Prime Minister Jyrki Katainen says that all the other alternatives are all worse.
“The markets are frightened about how Spain will manage to recapitalise its banks. The problem must be removed so that the entire country does not get into trouble,” Katainen told Yle on Sunday.
Speaking during a Nordic prime ministers’ meeting in Norway’s Lofoten Islands, Katainen declined to speculate on how much the Spanish support might cost Finland.
“No one has made that estimate yet," he said. "It depends on how much recapitalisation the Spanish banks need. The Spanish economy is about twice as large as that of Ireland, Portugal and Greece together.
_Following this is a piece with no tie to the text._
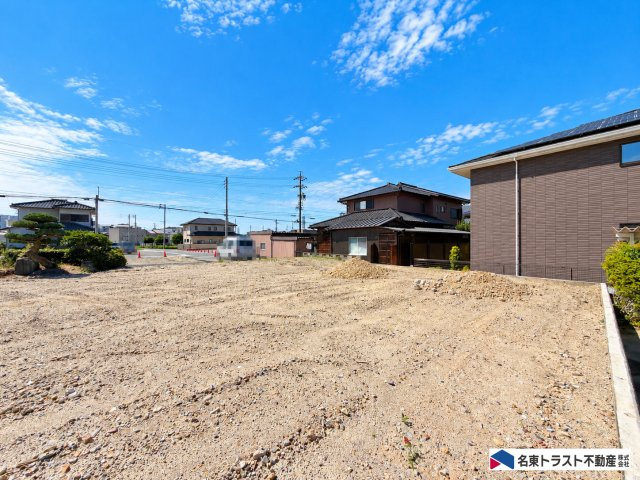 長久手市下川原土地の外観|現地④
If the banks bring down Spain then we can be sure that a cold winter will begin in the middle of summer, including in Finland.”
Rehn: An important step
Finnish European Commissioner Olli Rehn also told Yle on Sunday that he backs the decision.
"Certainly it's one important step toward ensuring the stability of the eurozone and...thus the basis for growth and employment," said Rehn, who is Vice President of the European Commission responsible for Economic and Monetary Affairs and the Euro.
He said there will be no decision on which fund the rescue money will be taken from until it is clear "how much and what kind of financial support Spain needs and with what kinds of conditions."
On Saturday, Finance Minister Jutta Urpilainen said that Finland will ask for guarantees if the funds are taken from the European Financial Stability Facility, the eurozone's temporary rescue fund.